- Record extracts:
┌──

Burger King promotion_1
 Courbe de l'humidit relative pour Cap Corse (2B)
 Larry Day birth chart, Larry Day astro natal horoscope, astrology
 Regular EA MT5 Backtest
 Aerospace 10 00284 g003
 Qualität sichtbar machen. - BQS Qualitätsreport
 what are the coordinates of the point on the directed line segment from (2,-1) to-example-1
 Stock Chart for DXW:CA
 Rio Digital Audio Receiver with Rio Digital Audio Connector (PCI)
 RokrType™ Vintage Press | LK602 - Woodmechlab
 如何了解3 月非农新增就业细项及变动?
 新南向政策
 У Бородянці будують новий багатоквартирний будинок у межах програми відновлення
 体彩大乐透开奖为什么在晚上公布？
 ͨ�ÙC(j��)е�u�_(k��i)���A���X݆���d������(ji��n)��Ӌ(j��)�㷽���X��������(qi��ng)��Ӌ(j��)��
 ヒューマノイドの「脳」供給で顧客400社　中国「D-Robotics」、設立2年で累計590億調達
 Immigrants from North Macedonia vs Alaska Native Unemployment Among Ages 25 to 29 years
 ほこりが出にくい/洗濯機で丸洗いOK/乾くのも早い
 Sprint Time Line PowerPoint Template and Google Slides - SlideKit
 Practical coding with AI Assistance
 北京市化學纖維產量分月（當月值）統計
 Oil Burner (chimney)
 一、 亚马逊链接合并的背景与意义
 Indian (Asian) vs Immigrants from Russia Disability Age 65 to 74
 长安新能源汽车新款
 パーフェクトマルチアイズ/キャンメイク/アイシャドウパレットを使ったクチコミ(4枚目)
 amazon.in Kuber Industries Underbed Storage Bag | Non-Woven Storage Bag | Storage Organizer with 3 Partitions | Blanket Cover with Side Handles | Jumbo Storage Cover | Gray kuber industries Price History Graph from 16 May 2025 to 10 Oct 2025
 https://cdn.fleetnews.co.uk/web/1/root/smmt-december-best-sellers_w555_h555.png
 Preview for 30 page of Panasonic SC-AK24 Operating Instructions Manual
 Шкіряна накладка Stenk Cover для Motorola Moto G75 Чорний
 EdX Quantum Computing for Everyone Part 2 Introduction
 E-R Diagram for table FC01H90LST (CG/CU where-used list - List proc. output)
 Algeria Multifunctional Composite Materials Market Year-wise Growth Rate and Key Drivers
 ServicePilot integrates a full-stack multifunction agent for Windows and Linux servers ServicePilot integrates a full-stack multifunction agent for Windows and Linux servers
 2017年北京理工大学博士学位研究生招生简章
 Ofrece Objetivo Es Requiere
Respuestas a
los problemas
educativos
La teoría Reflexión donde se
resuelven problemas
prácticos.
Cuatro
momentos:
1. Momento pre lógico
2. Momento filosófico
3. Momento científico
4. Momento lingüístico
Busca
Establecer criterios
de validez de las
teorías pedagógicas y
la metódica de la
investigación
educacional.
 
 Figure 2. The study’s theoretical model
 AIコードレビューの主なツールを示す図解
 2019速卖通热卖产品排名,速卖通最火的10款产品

└──

- About this exercise: Filter the entries down to the lines with the word "from" in them, and copy those lines.

- Answer below:
 what are the coordinates of the point on the directed line segment from (2,-1) to-example-1
 Immigrants from North Macedonia vs Alaska Native Unemployment Among Ages 25 to 29 years
 Indian (Asian) vs Immigrants from Russia Disability Age 65 to 74
 amazon.in Kuber Industries Underbed Storage Bag | Non-Woven Storage Bag | Storage Organizer with 3 Partitions | Blanket Cover with Side Handles | Jumbo Storage Cover | Gray kuber industries Price History Graph from 16 May 2025 to 10 Oct 2025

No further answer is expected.